Reputation: 36
I'm using scrapy.Spider to scrape, and I want to use request inside my callback function which is in start_requests, but that request didn't work, it should return a response but it only returns Request.
I followed the debug breakpoint and found that in class Request(object_ref), the request only finished the initialization but it didn't go into request = next(slot.start_requests) as expected, to start requesting, thus only returning Request.
Here is my code in brief:
class ProjSpider(scrapy.Spider):
name = 'Proj'
allowed_domains = ['mashable.com']
def start_requests(self):
# pages
pages = 10
for i in range(1, pages):
url = "https://mashable.com/channeldatafeed/Tech/new/page/"+str(i)
yield scrapy.Request(url, callback=self.parse_mashable)
Request works fine yet and following is:
def parse_mashable(self, response):
item = Item()
json2parse = response.text
json_response = json.loads(json2parse)
d = json_response['dataFeed'] # a list containing dicts, in which there is url for detailed article
for data in d:
item_url = data['url'] # the url for detailed article
item_response = self.get_response_mashable(item_url)
# here I want to parse the item_response to get detail
item['content'] = item_response.xpath("//body").get
yield item
def get_response_mashable(self,url):
response = scrapy.Request(url)
# using self.parser.
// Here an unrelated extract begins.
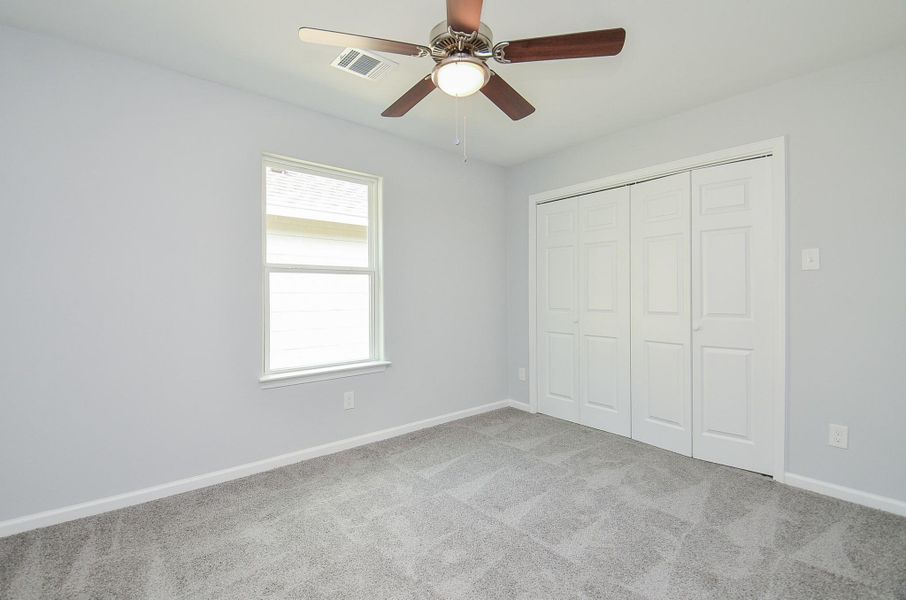 Spacious, unfurnished interior of a new home in , Houston (Image 34).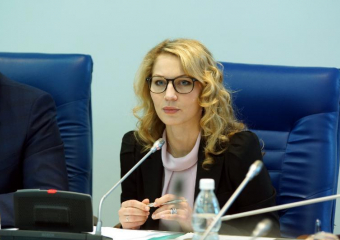 Самая красивая женщина волгоградской политики сегодня намерена от души покушать торта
I've also defined my own parser and yield an item
# but the problem is it never got to callback
return response # tried yield also but failed
this is where Request doesn't work. The url is in the allowed_domains, and it's not a duplicate url. I'm guessing it's because of scrapy's asynchronous mechanism of Request, but how could it affect the request in self.parse_mashable, by then the Request in start_requests is already finished. I managed to do the second request in python Requests-html, but still I couldn't figure out why.
So could anyone help pointing where I'm doing wrong? Thx in advance!
Upvotes: 0
Views: 579
Reputation: 28246
Scrapy doesn't really expect you to do this the way you're trying to, so it doesn't have a simple way to do it.
What you should be doing instead is passing the data you've scraped from the original page to the new callback using the request's meta
dict.
For details, check Passing additional data to callback functions.
Upvotes: 1